こんな超マイナーなオペラに感動してしまうとは。しかも演出なしの演奏会形式である。
びっくりした。
 
「マゼッパ」で思い出すのはリストの超絶技巧練習曲第4番である。
 
超絶。技巧。
 
とにかくものすごーく、神係り的な技を必要とする曲。リストは自らそんな曲を作ってしまった。ピアノは弾けないのでわからないが聴くだけでも何本指が必要なのかという凄さはわかる。映像を見るともっとすごい。たとえ鍵盤を弾かなくても、こんなに腕を適当に動かし続けることさえできるだろうか。

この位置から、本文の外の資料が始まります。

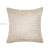 Entry Lux Style Pillow Cover Sofa Cushion Model Room Accessories Pillow Bed Backrest without Core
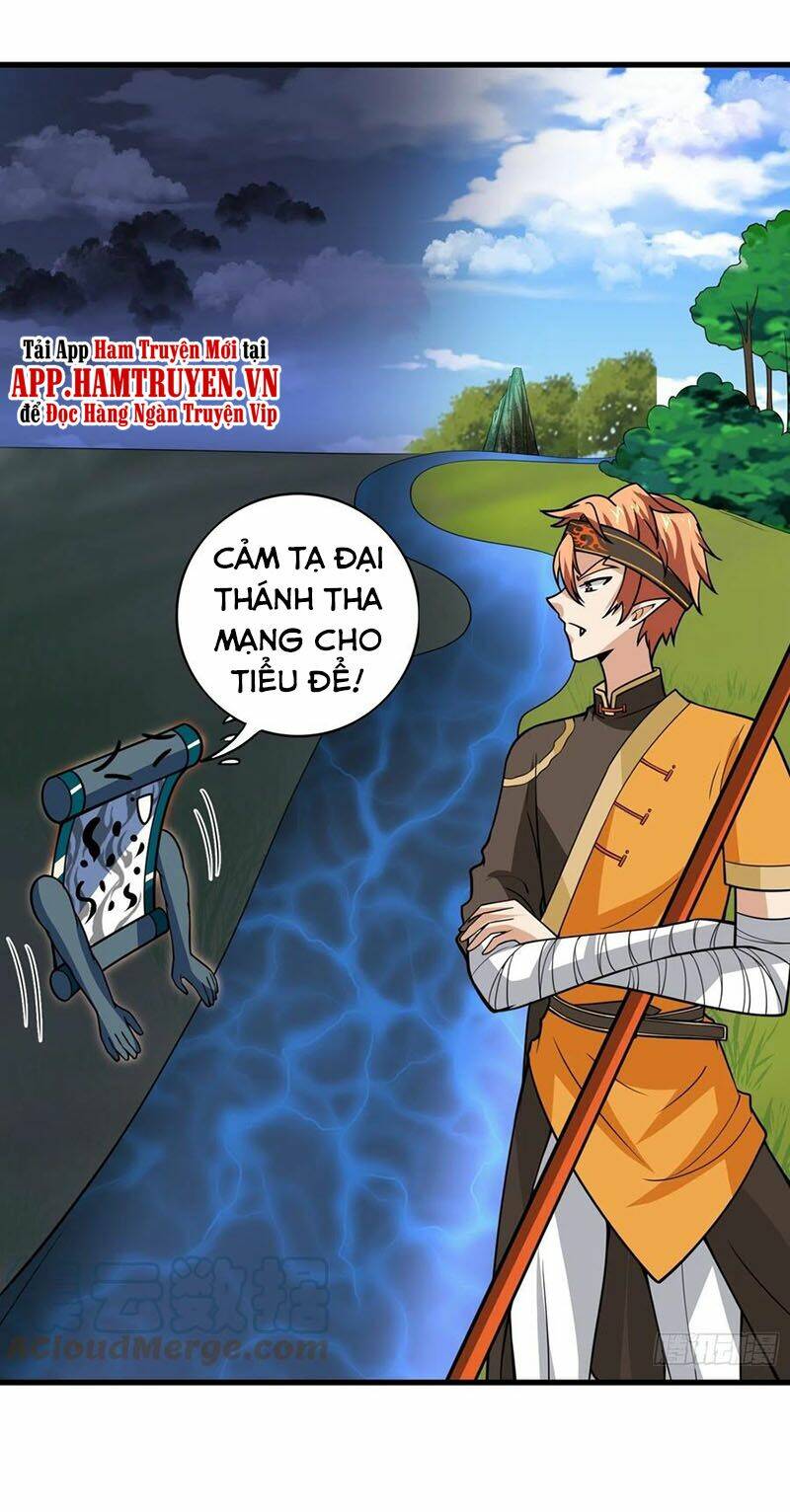 Tà Du Ký: Chapter 135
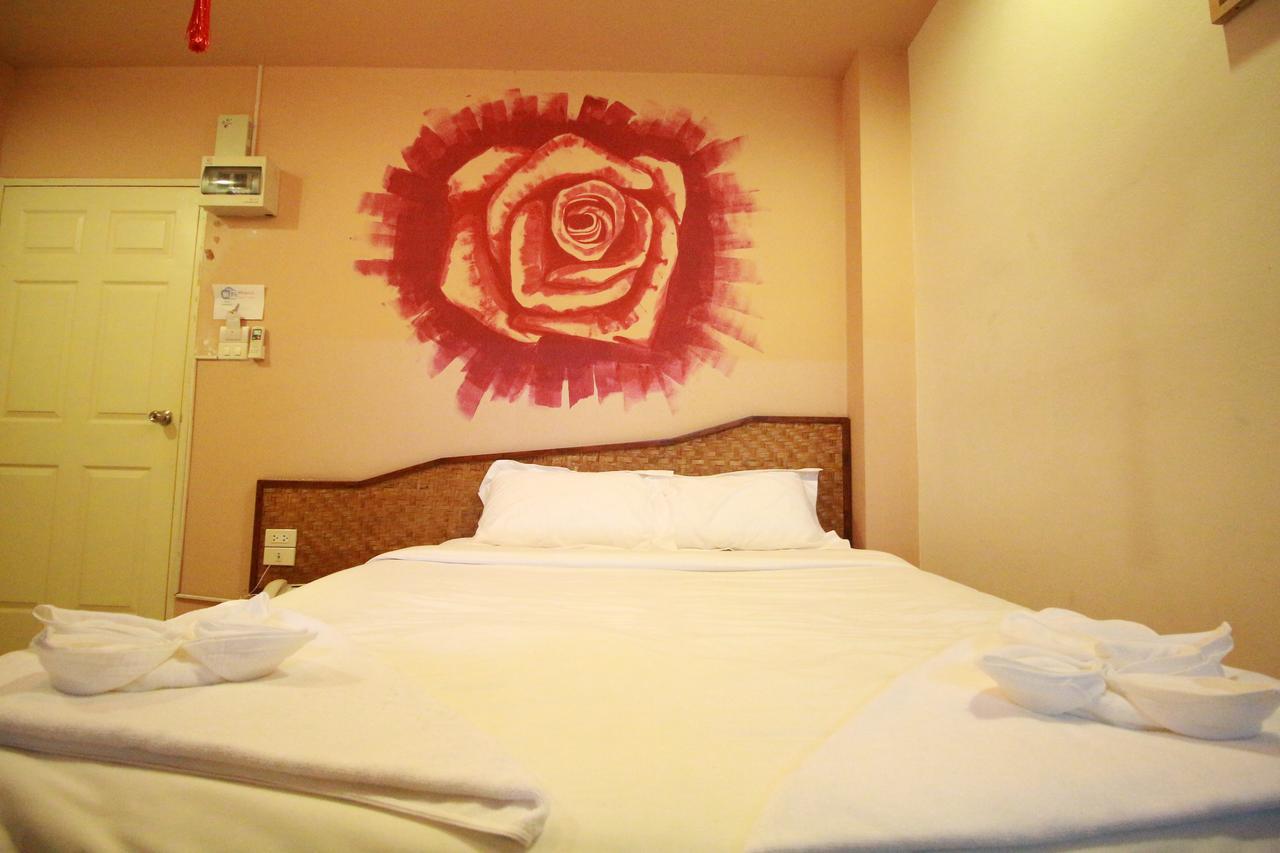 Nakara Boutique Hotel Чиангмай Екстериор снимка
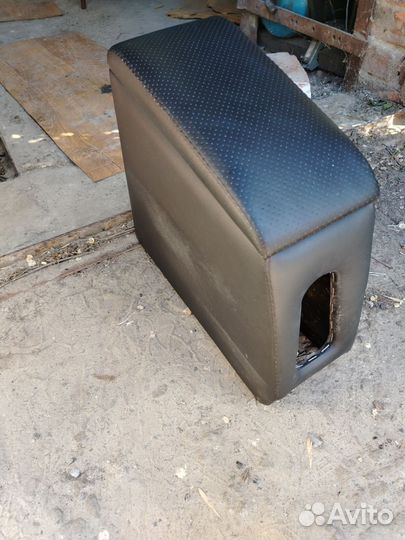 Подлокотник hyundai accent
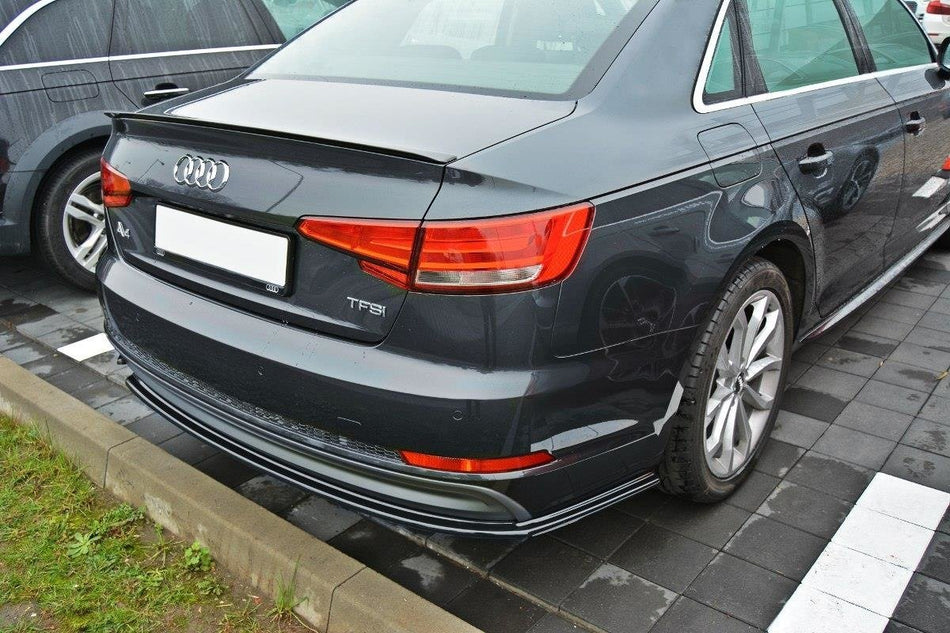 Heckdiffusor Seite L + R Audi A4 B9 S-Line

オーケストラ版の交響詩も作っているのだが、これまたすごい曲。
 
リストの元ネタはビクトル・ユーゴー叙事詩「マゼッパ」。マゼッパはなかなか荒々しい、実在した人物だそうで、荒々しく馬に乗っている様を表したようである。この点ネット上検索の知識なので、もうちょっと自身で改めて調べてみたいと思うが、確かにうなずける。荒々しく馬が駆け巡るのである。
 
今回聴いた超マイナーオペラ、こちらはプーシキン叙事詩「ポルタヴァ」が原作。ここに同じマゼッパという人が出てくる。荒々しく馬に乗る物語かと思えば、白髪のじいさんになってからの話。しかし、頭領として権力は持っており、しかも若い娘を虜にしてしまう存在。やはり荒々しい。
 
ところで、チャイコフスキーはオペラをいくつか残しているが、有名なのはバレエのほうである。オペラが日本でたびたび上演されるのはまだ最近のことだと思う。

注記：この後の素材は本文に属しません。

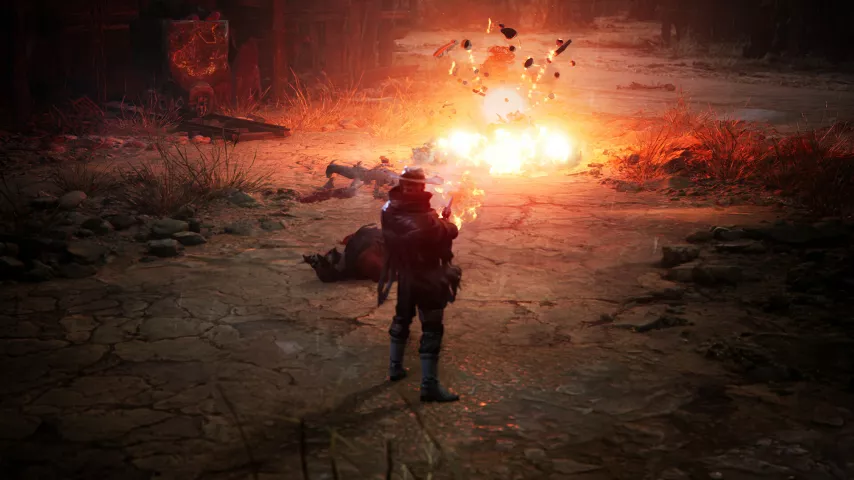 The Dark West 02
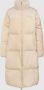 Tommy Hilfiger Gewatteerde lange jas met labelapplicatie model 'NEW YORK BUFFER MAXI' - Thumbnail 1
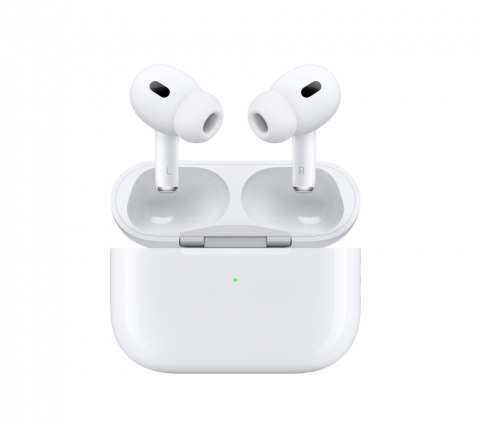 Apple AirPods Pro (2nd Generation) with USB-C charging case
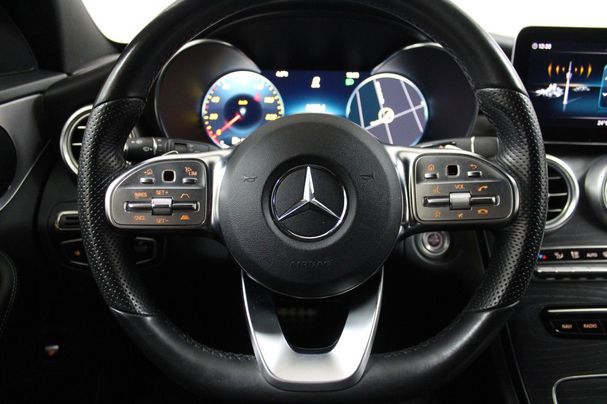 Mercedes-Benz C 300 d T Line 180 kW image number 7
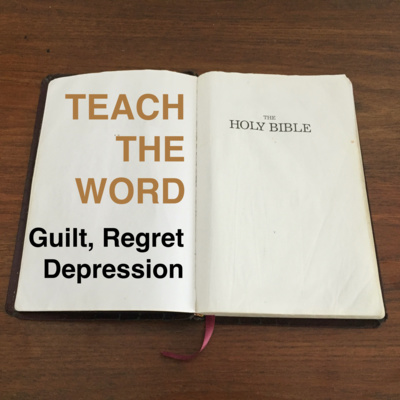 Death: Guilt, Regret, Depression episode artwork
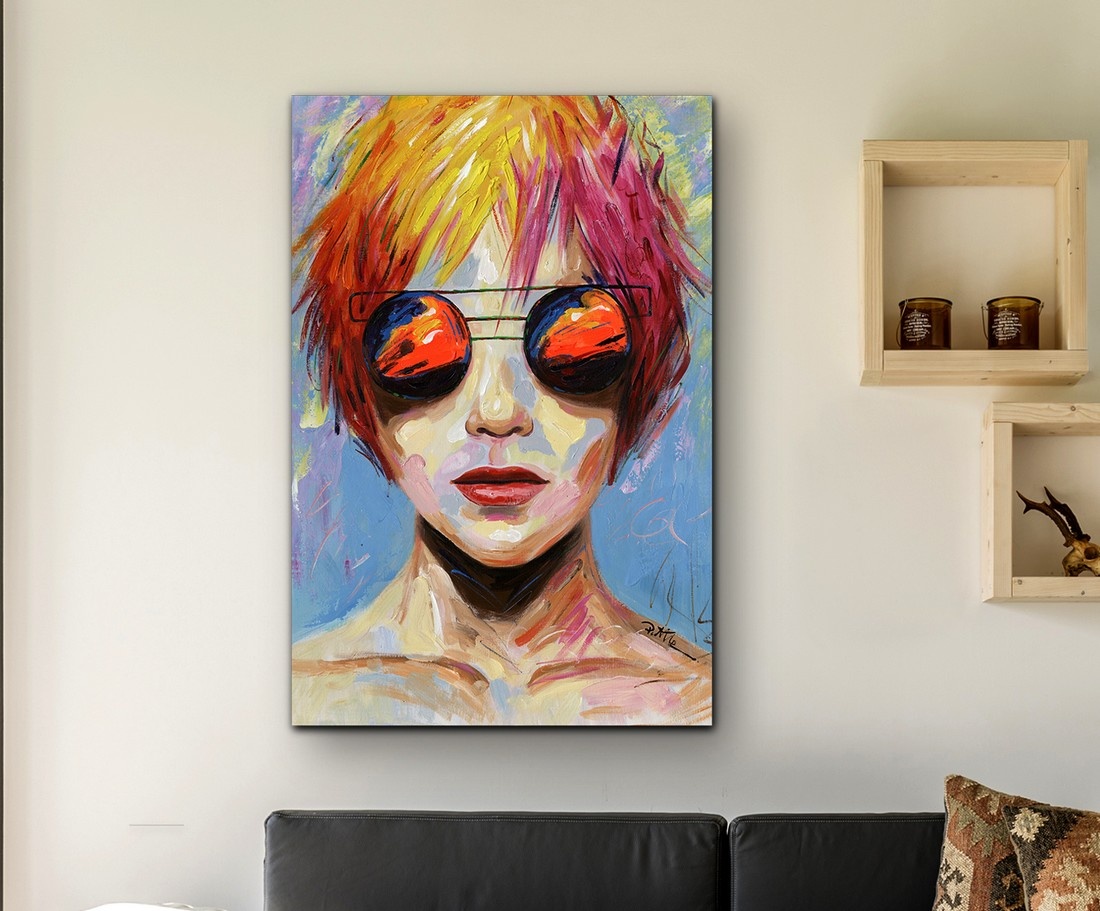 Quadro Janis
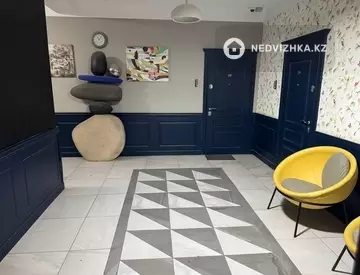 1-комнатная квартира, этаж 2 из 6, 51 м²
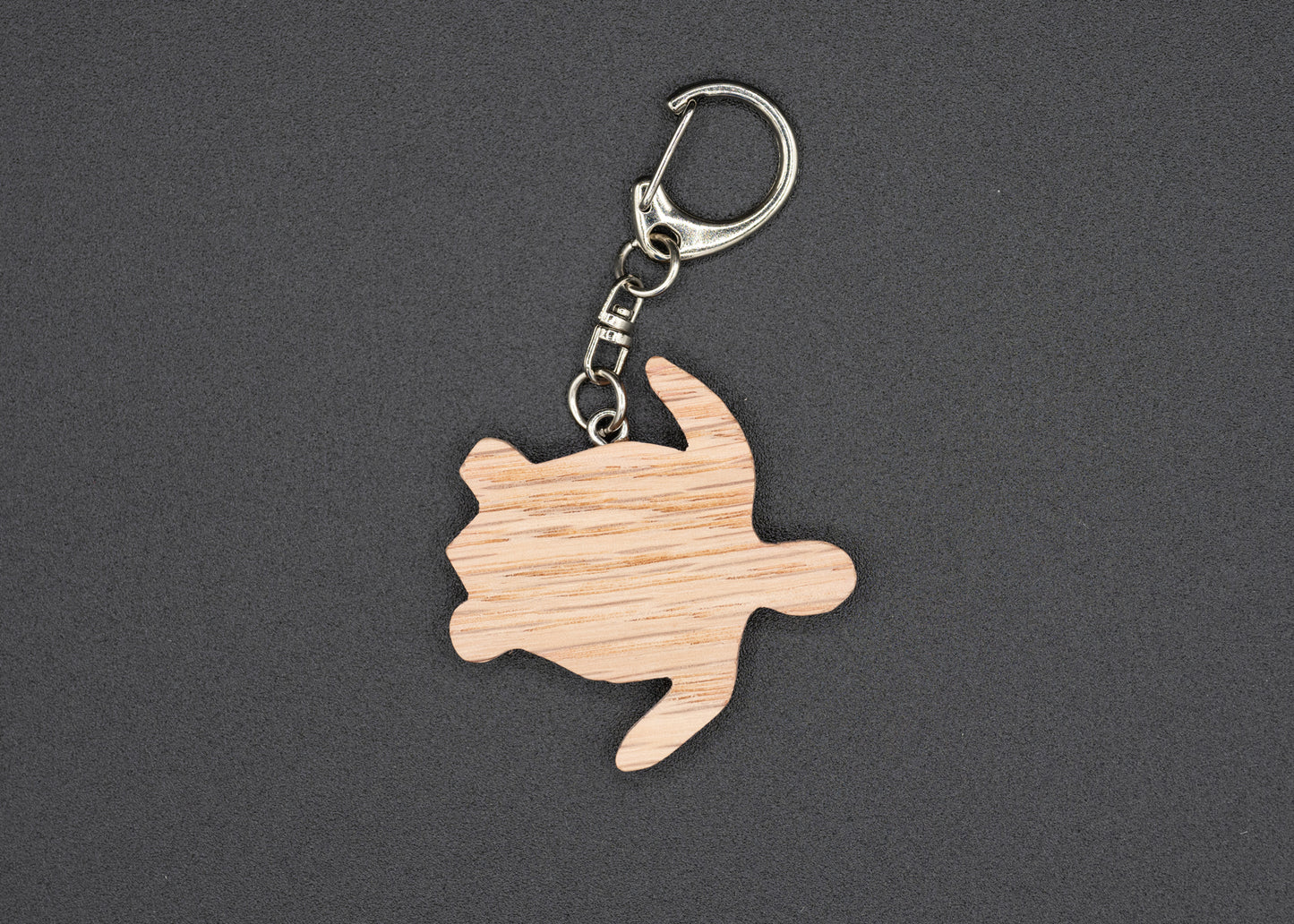 Turtle Keychain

バレエは言葉がない舞台芸術。だから踊りはもちろん、音楽でもそのシーンを表さないといけないし、登場人物の心情も表す必要がある。
 
私自身、初めてバレエの公演を鑑賞したのは、つい最近のこと。「白鳥の湖」。やっぱり、まず選ぶのは王道作品である。オペラなら「カルメンだろうか。

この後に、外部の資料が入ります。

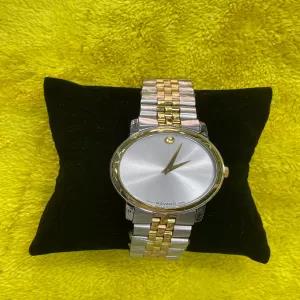 MOVADO Watch Two Tone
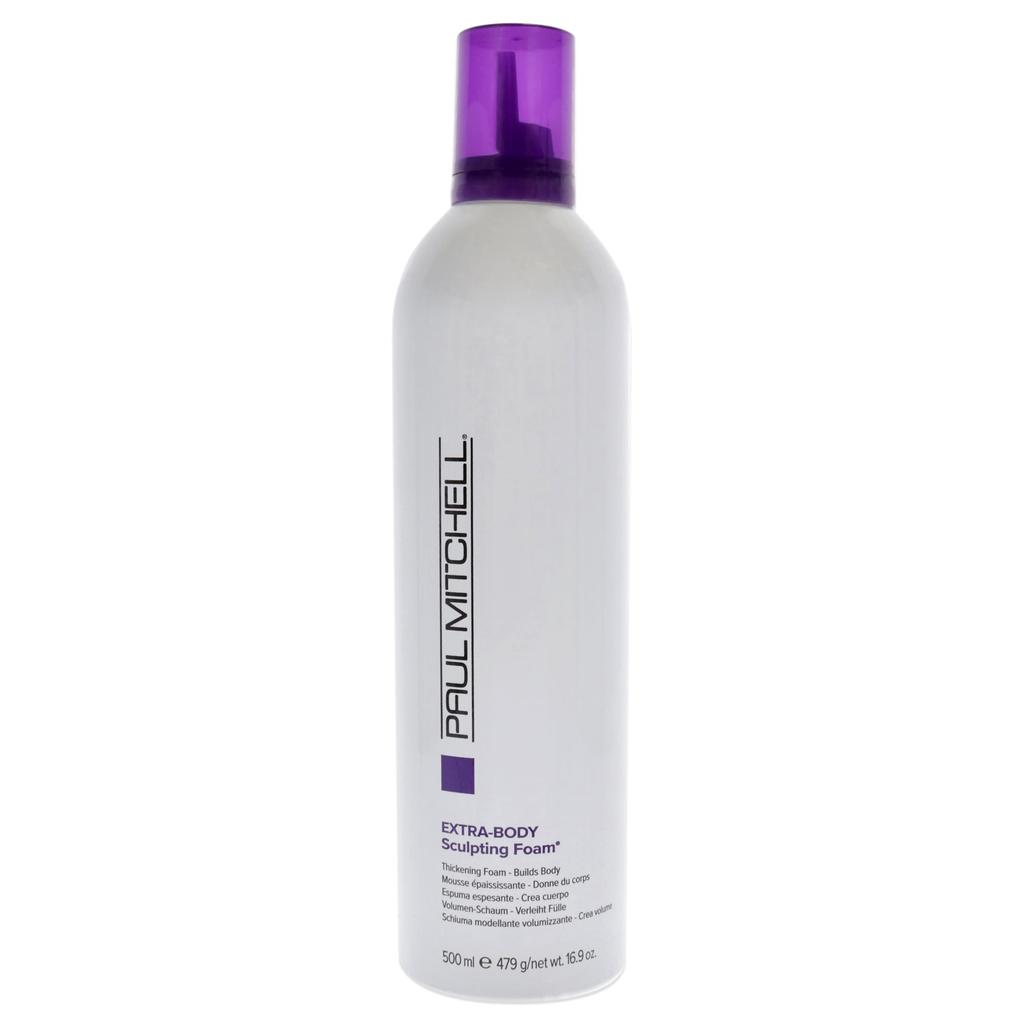 Paul Mitchell Extra Body Foam For Unisex 16.9 oz Foam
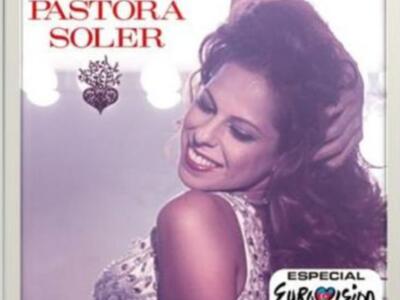 El jurado eleva a Pastora Soler al "top five" en la final de eurovisión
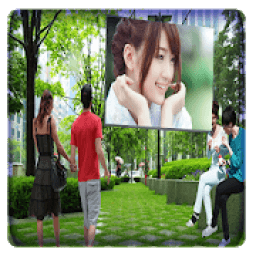 ikon Hoarding Photo Frames- Photo Editor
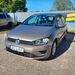 VW Golf unterluess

正直とても素晴らしかった。感動した。バレエはオペラよりつまらない、そんな偏見を持っていたのだが。
 
言葉が発せられないことが違和感だったのだが、それもすぐに慣れ、徐々に引き込まれた。素晴らしいソリストの軽やかな、重力を感じさせない演技。白鳥の踊りの一糸乱れぬ、どこかの国の軍事パレードを彷彿とさせるような踊り。そして馴染みある、美メロあふれるチャイコフスキーの音楽。
演奏会で聴く組曲版は、それはそれで素晴らしいが、演技がつくことで、その音楽の意味がよくわかった。
 
オペラには言葉があるのでその点不足はないのだろうが、さすがチャイコフスキー、言葉があっても音楽はバッチリ、言葉をカバーする表現をしていた。
何せ初めて聴くオペラであっても。十二分にストーリーは堪能できたし、もちろん字幕はあるので登場人物の心象はわかるが、字幕を見なくてもロシア語の言葉がこんな雰囲気のことを話しているんだろうとわかるのである。
 
全部で3幕ものだが、個人的な白眉は第2幕。
 
マゼッパの揺れる心が歌われる叙情的な美しいソロで始まるが、この幕のラストは処刑なのである。そこに向かって緊張感ある音楽が展開されるのだ。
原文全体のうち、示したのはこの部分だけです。